The presidential appeal failed. In a rural western Kentucky county with 31,000 residents and some 8,100 jobs, losing the 130 highly paid federal positions at the Paradise plant next summer makes a difference, said Curtis McGehee, the county judge executive.  

“Closing the plant will be an economic hurricane,” McGehee said. “The damage to be done will happen in a matter of hours. But it takes years to rebuild from that. I don’t think we’ll rebuild from it my lifetime.”

Ripple effects will be substantial. Most of the nearly 1 million tons of coal burned each year at Paradise are produced in two nearby coal mines owned by Murray Energy Corp. In a statement, Robert E. Murray, the company’s chief executive, said it had “690 employees in the vicinity of the plant.”

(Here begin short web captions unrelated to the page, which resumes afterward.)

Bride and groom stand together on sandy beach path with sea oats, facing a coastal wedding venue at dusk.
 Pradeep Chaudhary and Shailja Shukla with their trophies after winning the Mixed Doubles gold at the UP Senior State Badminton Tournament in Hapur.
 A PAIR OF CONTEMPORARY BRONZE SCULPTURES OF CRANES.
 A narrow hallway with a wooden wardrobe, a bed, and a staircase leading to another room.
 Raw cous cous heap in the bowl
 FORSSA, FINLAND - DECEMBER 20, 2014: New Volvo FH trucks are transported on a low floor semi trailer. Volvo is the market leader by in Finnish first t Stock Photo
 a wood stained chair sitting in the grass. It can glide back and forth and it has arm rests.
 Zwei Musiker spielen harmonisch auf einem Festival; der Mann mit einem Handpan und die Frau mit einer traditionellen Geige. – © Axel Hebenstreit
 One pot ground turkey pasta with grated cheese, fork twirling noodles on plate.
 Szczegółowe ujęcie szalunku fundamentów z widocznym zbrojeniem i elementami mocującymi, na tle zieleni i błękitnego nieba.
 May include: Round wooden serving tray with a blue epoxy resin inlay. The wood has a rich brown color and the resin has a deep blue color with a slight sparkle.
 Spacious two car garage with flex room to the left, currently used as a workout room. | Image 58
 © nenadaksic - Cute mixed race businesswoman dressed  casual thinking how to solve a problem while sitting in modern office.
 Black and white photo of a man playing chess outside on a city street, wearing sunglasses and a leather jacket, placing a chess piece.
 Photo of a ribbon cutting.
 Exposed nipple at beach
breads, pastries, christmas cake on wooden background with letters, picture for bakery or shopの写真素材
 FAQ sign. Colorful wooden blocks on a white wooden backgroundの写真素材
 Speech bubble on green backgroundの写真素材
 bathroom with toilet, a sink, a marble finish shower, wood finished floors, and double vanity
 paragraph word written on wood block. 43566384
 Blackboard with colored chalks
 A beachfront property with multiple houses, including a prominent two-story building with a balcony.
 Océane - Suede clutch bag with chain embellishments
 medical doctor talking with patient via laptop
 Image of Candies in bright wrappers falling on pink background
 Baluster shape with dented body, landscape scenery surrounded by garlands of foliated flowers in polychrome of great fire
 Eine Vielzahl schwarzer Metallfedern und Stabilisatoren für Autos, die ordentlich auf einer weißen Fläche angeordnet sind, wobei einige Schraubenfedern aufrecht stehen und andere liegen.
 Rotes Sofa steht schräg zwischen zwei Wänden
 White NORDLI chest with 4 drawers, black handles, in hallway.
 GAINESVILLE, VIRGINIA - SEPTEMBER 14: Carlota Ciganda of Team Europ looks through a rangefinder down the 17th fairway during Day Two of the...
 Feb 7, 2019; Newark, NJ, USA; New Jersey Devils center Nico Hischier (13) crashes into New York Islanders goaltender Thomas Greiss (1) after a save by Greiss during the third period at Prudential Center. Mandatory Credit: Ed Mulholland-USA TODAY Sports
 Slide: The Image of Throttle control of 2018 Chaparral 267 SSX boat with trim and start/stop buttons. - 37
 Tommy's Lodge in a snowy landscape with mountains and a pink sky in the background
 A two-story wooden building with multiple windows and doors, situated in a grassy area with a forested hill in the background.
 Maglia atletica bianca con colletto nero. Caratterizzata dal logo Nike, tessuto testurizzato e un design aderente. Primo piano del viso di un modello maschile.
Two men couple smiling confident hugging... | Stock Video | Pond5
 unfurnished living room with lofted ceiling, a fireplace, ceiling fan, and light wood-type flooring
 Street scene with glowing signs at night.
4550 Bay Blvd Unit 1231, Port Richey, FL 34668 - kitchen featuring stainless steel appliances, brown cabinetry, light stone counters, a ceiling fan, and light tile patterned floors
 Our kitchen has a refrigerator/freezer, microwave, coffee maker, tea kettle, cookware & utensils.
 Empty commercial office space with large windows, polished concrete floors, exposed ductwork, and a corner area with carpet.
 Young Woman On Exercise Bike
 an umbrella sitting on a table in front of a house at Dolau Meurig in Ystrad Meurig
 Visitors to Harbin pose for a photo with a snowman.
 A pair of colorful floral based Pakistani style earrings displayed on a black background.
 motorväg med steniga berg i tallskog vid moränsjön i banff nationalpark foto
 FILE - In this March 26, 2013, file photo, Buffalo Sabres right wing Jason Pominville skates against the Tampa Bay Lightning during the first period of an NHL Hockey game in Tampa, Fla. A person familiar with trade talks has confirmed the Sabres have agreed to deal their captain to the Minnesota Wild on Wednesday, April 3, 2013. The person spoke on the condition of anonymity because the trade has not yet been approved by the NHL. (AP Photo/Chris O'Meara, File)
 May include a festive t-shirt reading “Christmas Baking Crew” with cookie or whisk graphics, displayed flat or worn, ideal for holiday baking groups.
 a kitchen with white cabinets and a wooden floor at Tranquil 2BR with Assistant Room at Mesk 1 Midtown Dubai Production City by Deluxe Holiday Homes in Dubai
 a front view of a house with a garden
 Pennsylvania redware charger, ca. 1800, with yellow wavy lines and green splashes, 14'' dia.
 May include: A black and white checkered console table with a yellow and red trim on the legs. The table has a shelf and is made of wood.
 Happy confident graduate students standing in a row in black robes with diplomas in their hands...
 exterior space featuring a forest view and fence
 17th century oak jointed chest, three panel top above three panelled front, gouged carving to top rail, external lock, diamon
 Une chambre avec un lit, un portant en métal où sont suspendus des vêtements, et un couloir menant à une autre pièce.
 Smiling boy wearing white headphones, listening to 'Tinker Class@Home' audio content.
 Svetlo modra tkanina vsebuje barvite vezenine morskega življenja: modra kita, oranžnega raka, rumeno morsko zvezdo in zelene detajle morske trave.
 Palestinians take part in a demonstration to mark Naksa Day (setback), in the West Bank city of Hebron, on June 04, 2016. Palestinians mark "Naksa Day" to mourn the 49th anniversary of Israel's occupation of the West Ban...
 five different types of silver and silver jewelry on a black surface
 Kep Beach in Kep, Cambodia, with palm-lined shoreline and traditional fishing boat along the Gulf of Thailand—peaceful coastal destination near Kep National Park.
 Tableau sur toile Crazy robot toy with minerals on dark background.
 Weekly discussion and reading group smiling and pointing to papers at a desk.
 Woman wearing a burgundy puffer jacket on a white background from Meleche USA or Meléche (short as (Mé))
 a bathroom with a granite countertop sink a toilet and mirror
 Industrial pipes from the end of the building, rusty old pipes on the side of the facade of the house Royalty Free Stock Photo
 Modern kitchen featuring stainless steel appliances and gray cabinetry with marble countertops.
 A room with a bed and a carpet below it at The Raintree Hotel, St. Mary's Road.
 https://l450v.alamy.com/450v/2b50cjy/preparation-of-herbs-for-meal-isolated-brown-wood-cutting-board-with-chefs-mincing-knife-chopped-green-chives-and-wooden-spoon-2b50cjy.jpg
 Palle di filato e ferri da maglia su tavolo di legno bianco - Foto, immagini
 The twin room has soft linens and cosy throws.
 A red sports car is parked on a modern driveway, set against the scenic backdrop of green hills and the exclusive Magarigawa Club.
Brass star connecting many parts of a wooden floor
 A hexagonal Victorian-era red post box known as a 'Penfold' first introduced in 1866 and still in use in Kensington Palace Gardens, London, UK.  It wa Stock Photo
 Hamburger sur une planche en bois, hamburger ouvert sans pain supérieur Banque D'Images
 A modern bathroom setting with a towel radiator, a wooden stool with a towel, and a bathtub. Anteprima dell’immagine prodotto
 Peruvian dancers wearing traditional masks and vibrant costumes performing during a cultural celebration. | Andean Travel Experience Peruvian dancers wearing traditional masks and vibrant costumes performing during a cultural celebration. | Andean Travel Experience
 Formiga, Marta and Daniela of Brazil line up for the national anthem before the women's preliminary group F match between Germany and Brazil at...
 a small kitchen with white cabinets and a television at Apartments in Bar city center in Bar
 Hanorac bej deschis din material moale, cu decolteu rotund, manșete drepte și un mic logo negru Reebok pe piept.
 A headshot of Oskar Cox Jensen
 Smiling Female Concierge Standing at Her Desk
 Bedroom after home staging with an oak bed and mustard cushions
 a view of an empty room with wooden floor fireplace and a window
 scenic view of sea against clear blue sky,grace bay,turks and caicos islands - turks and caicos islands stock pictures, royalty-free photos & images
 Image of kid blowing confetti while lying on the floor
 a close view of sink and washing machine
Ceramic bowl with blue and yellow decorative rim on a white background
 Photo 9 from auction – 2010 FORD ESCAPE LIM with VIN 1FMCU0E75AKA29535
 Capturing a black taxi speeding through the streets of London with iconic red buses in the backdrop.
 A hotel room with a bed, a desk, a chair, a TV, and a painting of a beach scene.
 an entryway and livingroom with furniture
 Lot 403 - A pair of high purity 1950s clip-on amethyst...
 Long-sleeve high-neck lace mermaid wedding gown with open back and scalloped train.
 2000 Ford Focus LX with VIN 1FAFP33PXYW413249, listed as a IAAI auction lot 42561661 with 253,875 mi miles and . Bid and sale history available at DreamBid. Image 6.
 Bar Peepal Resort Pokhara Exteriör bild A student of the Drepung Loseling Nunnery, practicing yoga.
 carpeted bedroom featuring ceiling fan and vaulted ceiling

Grant Jones, vice president of Ray Jones Trucking, which hauls about 200 loads of coal daily to Paradise, said 25 drivers will be affected by the closure. That is half of his company’s revenue and transportation staff.  “It’s definitely going to hurt,” he said.

The Saturday before the TVA decision, the community held a big rally that was attended by Kentucky Gov. Matt Bevin. “We reached out to the TVA board to let them know about what is happening here,” said McGehee. “This is going to be devastating to our community. It affects our schools. Our businesses. There are so many people that will lose their jobs.”